Engagement That Spans Platforms and Formats
Smart marketers know that capturing audience attention with great content on the right platform also requires a cross-channel media engagement strategy. Placing carefully chosen calls to action in your content can encourage social media follows and email sign-ups, even from your offline channels.
It doesn’t matter if you’re asking people to post using a hashtag, scan a QR code or point their browsers to a simplified URL. With infotainment, the goal is not always going to be immediate sales conversions. It can be about building brand equity for engagement and loyalty over time, and that’s where tactics like social media contests and email marketing automation can make a big difference.

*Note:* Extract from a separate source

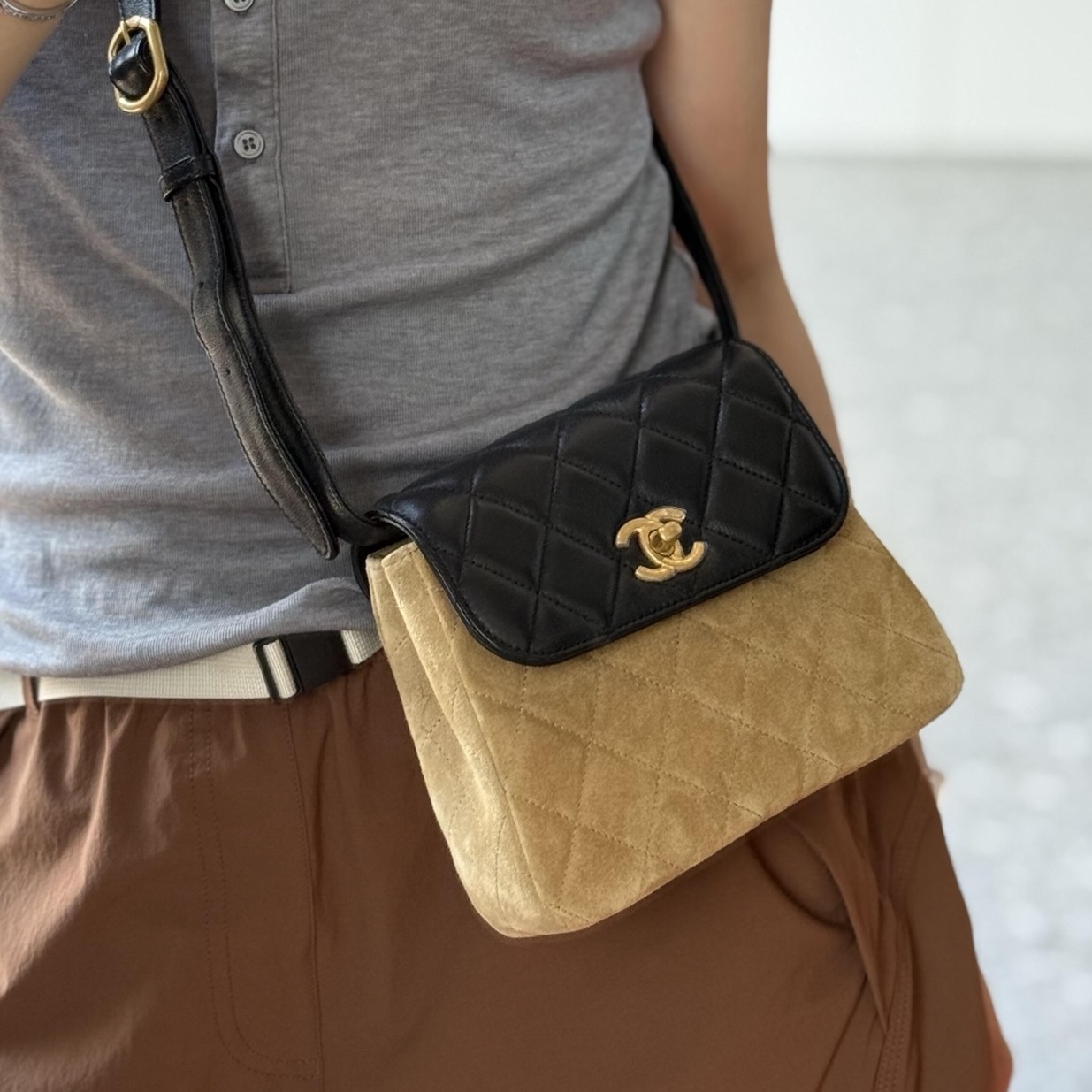 CHANEL 샤넬 프로맥시 숄더백(노루가죽)  A18C1121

Savvy cross-channel messaging provides you with a large audience that’s pre-qualified to be ready and willing to consume your content. That’s a huge advantage, especially given the way we consume media today. Thanks to content shock, the culture of instant gratification, our love of hand-held touchscreens and the distractions of push notifications, we’ve learned to split our attention to the point where we’re capable of letting content wash over us.
Source: HubSpot Research
Different formats, however, call for different levels of focus. According to new research from HubSpot, video is the most commanding medium, with 55% of viewers reporting that they watch it thoroughly. Oddly enough, blog posts, which make up a major focal point of most marketing plans, are only thoroughly consumed by 29% of the population. Expose people to your message on social media, however, and you’ll see those numbers spike. Social media posts get read thoroughly by another 52% of viewers.
These high “skim rates” are hardly surprising. Overall, the ways in which content can be delivered online are growing exponentially. Blogs, banner ads, video clips, podcasts, research reports, email courses, ebooks, webinars – you name it. Audiences have a world of options.
Offline growth is happening quickly, too. Print media is far from dead, and thanks to programmatic booking, killer performance metrics and new attention tracking capabilities, OOH advertising is increasingly becoming a key aspect of the savvy marketing mix.
Tell Those Stories
David Ogilvy, known as “the father of advertising,” wrote in the early 1980s that “On average, helpful information is read by 75% more people than copy which deals only with the product.”
In the digital age, it’s likely that “hard sell” marketing assets are tuned out by more than a quarter of audience members.
Today we have more control over our media experiences than ever before, and the data shows that we want content that is useful, informative, personally pertinent, contextually relevant, available on demand and beautifully crafted.
What are the best ways to get people to pay attention to your messaging? Skip the pitch and use storytelling to get them emotionally involved. Distribute your messaging in formats and contextual placements that align well with people’s lifestyles. Take smart cross-channel engagement goals into account.
Creating video clips that feel like movies, or that provide useful tips, might seem on the surface like a hopelessly indirect way to drive revenues, but infotainment commands attention beautifully and encourages viral shares. Buying rotation spots on digital video screens in public places might seem on the surface like an outdated tactic, but with the right creative, it can be exactly what people want to see in the context of what they’re doing.